Data extract:
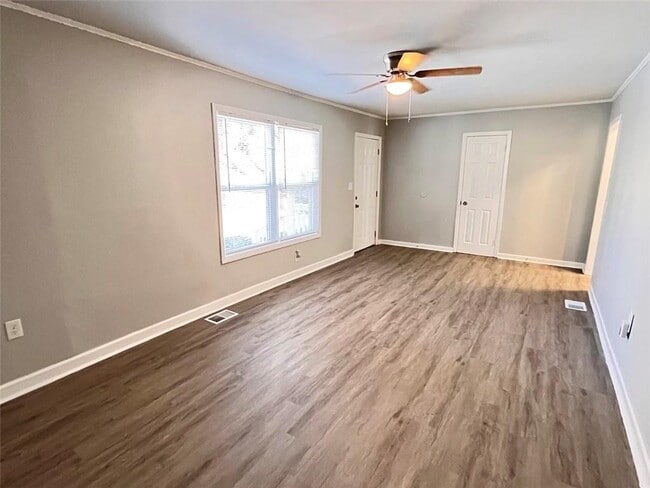 Building Photo - 413 W Highland Ave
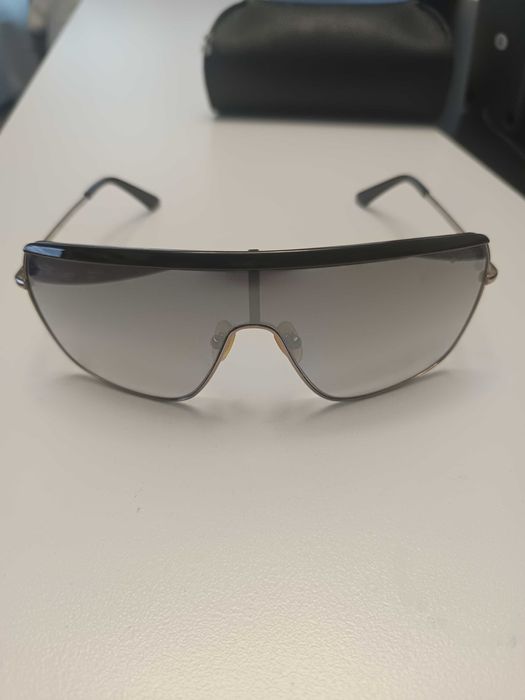 Слънчеви очила Guess с калъф и кърпичка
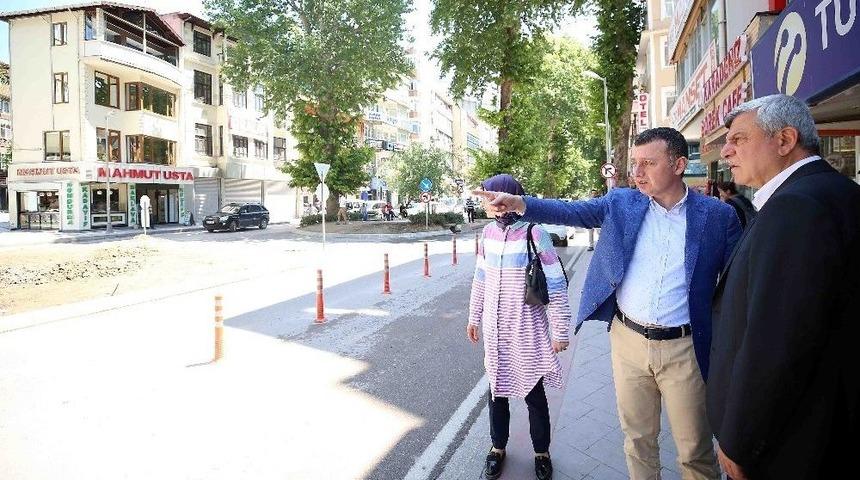 Başkan Karaosmanoğlu Şehir İ&ccedil;i Trafik Akışını Denetledi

Try it: In your copy, include no pictures; print every line above exactly.

The answer:
 Building Photo - 413 W Highland Ave
 Слънчеви очила Guess с калъф и кърпичка
 Başkan Karaosmanoğlu Şehir İ&ccedil;i Trafik Akışını Denetledi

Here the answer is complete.